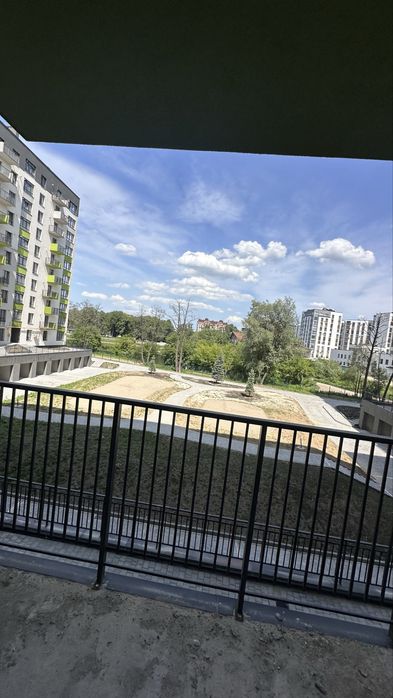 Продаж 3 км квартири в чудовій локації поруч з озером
--
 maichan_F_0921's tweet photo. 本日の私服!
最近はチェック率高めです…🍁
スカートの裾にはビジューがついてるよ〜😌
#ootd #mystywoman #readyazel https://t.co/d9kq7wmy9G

# TASK TO COMPLETE
The reply should consist solely of the lines above from the one that has "maichan_F_0921's tweet photo. 本日の私服!" through the one that has "#ootd #mystywoman #readyazel", reproduced exactly.

# TASK RESPONSE
 maichan_F_0921's tweet photo. 本日の私服!
最近はチェック率高めです…🍁
スカートの裾にはビジューがついてるよ〜😌
#ootd #mystywoman #readyazel https://t.co/d9kq7wmy9G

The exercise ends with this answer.